WORK INSTRUCTION:
As soon as the line containing "Artzi 10 1768766461855" appears in the material below, start returning lines exactly, and end with the line containing "The rebuilt 22 East 63rd Street.".

(RECORDED DATA begins)

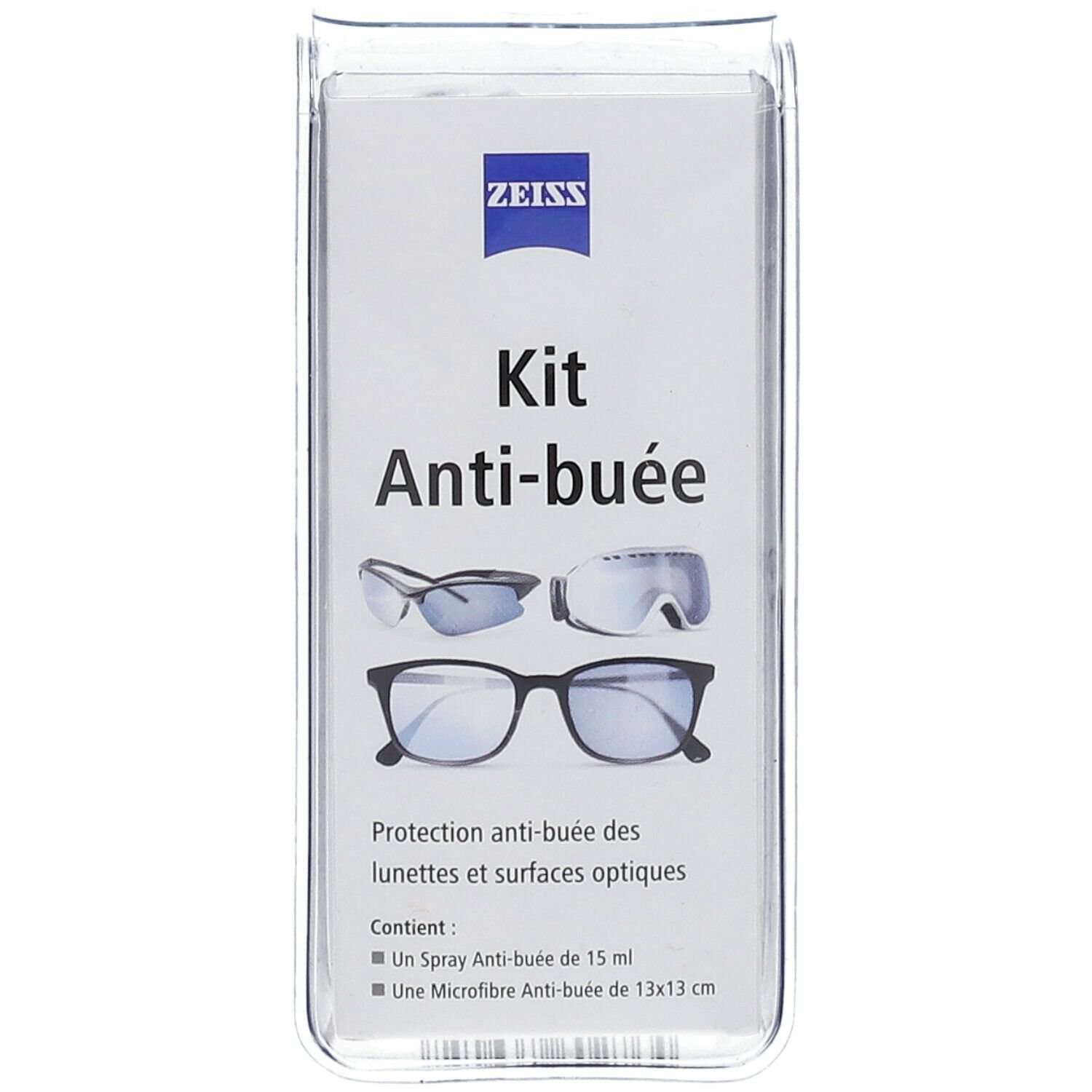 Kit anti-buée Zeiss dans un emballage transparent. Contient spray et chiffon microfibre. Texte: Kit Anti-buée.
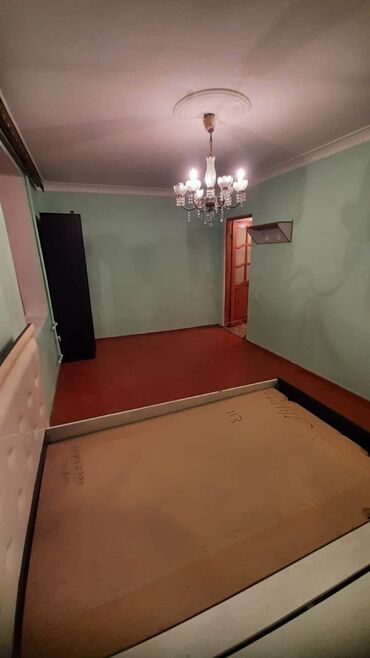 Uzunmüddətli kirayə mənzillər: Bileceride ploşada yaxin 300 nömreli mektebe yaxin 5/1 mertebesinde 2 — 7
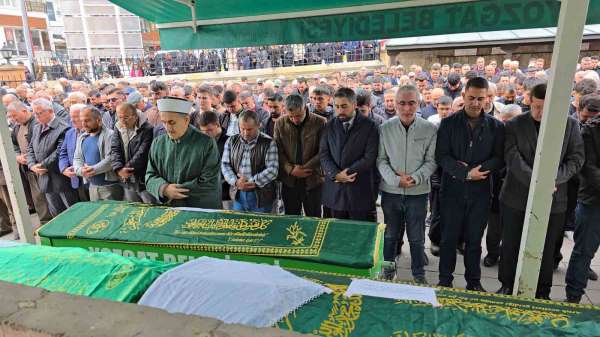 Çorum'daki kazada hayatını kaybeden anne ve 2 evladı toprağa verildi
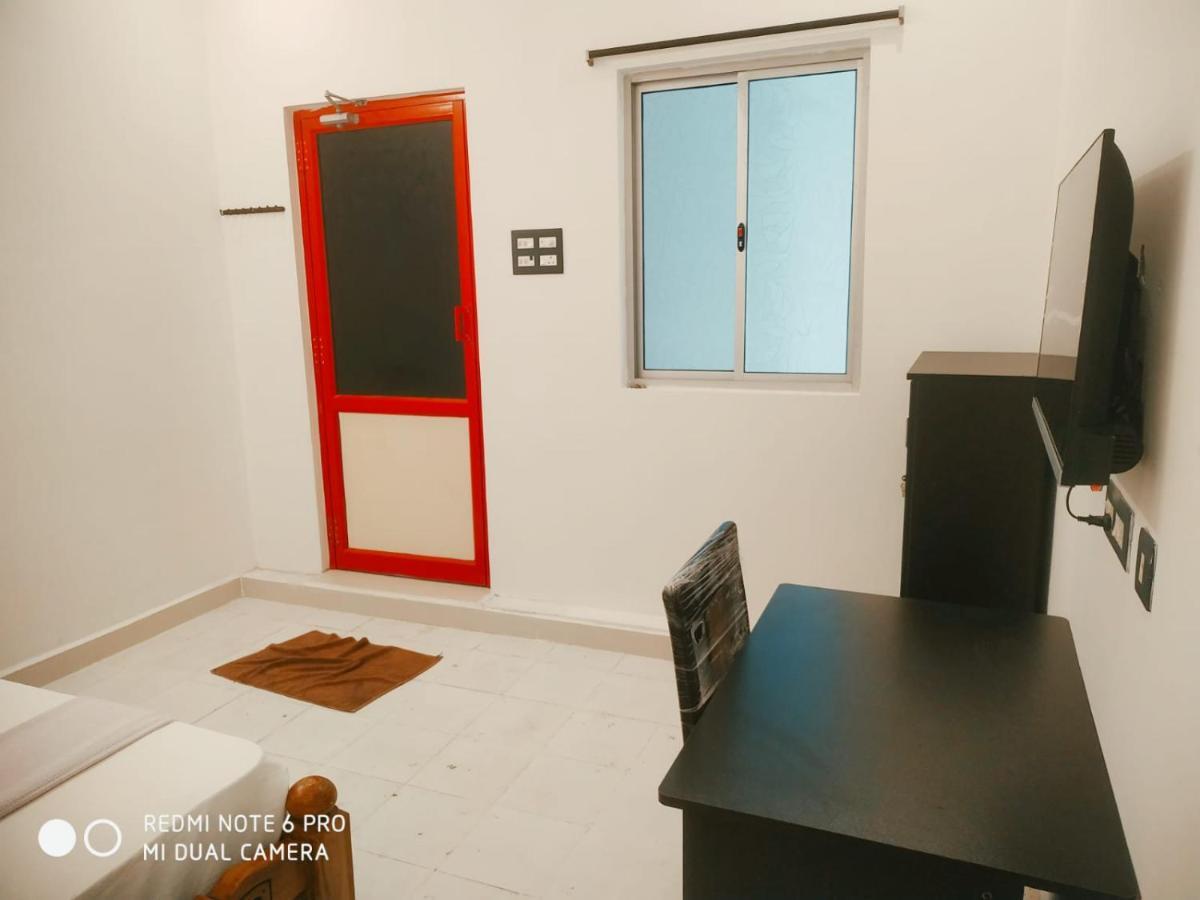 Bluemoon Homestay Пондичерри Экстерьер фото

(RECORDED DATA ends)
(RECORDED DATA begins)

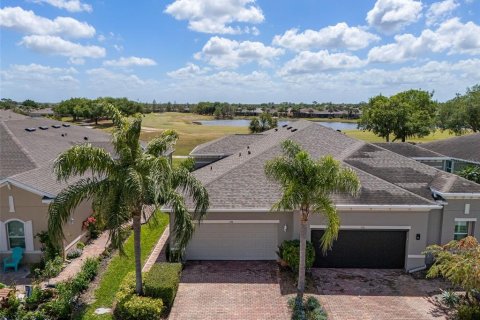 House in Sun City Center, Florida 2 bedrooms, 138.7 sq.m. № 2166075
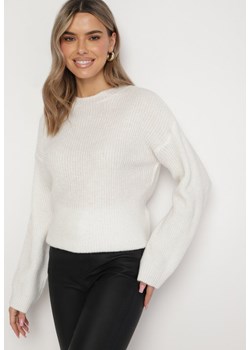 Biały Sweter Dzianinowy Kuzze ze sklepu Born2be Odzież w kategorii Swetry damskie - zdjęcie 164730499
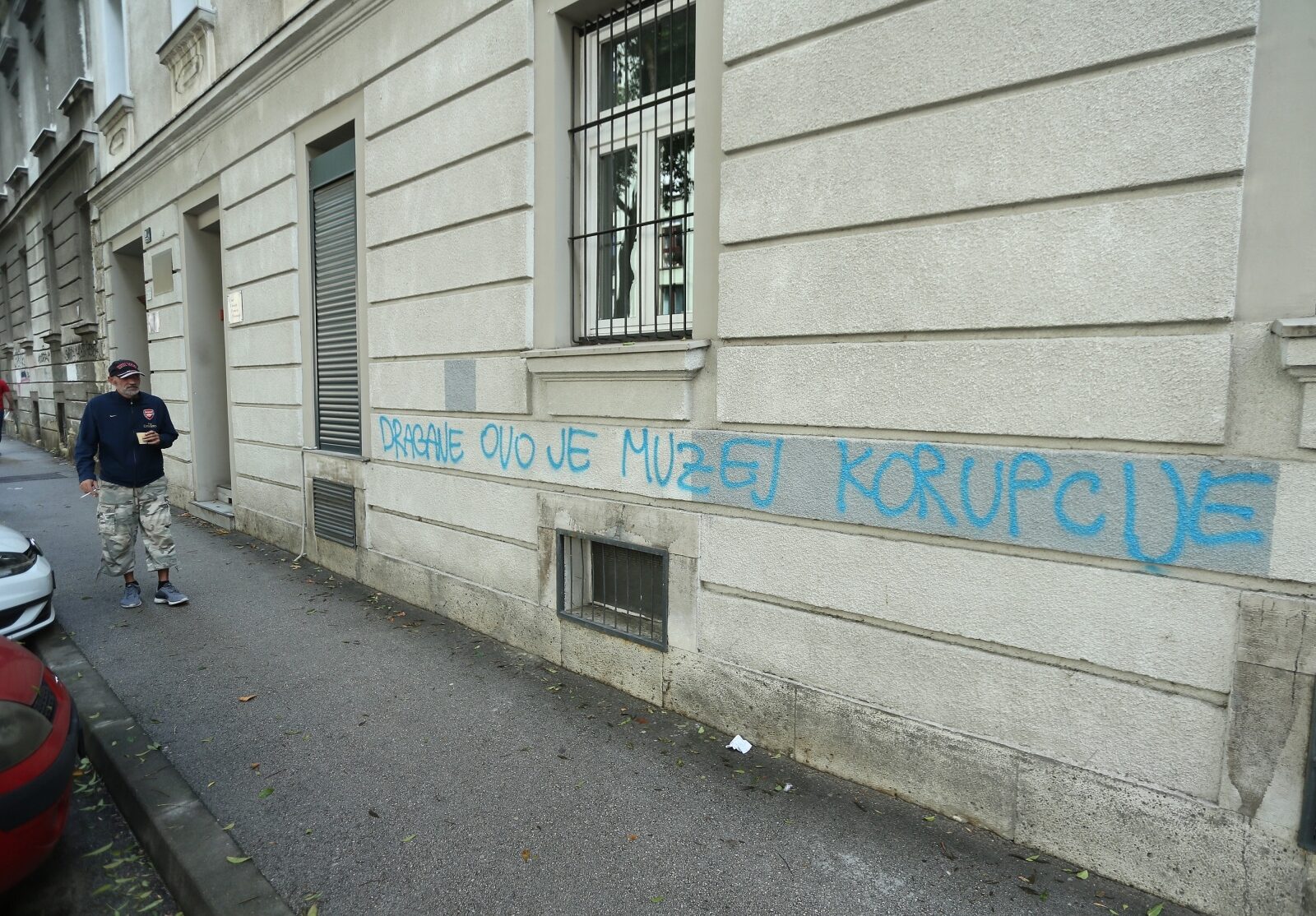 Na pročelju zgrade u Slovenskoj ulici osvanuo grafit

(RECORDED DATA ends)
(RECORDED DATA begins)

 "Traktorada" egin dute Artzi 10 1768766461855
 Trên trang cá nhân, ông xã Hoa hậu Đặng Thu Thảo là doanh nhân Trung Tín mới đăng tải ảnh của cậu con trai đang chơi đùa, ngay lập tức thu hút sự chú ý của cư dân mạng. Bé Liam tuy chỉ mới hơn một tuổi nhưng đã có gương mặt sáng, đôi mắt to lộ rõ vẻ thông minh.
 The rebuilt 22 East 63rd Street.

(RECORDED DATA ends)

RESULT OF THE EXERCISE:
 "Traktorada" egin dute Artzi 10 1768766461855
 Trên trang cá nhân, ông xã Hoa hậu Đặng Thu Thảo là doanh nhân Trung Tín mới đăng tải ảnh của cậu con trai đang chơi đùa, ngay lập tức thu hút sự chú ý của cư dân mạng. Bé Liam tuy chỉ mới hơn một tuổi nhưng đã có gương mặt sáng, đôi mắt to lộ rõ vẻ thông minh.
 The rebuilt 22 East 63rd Street.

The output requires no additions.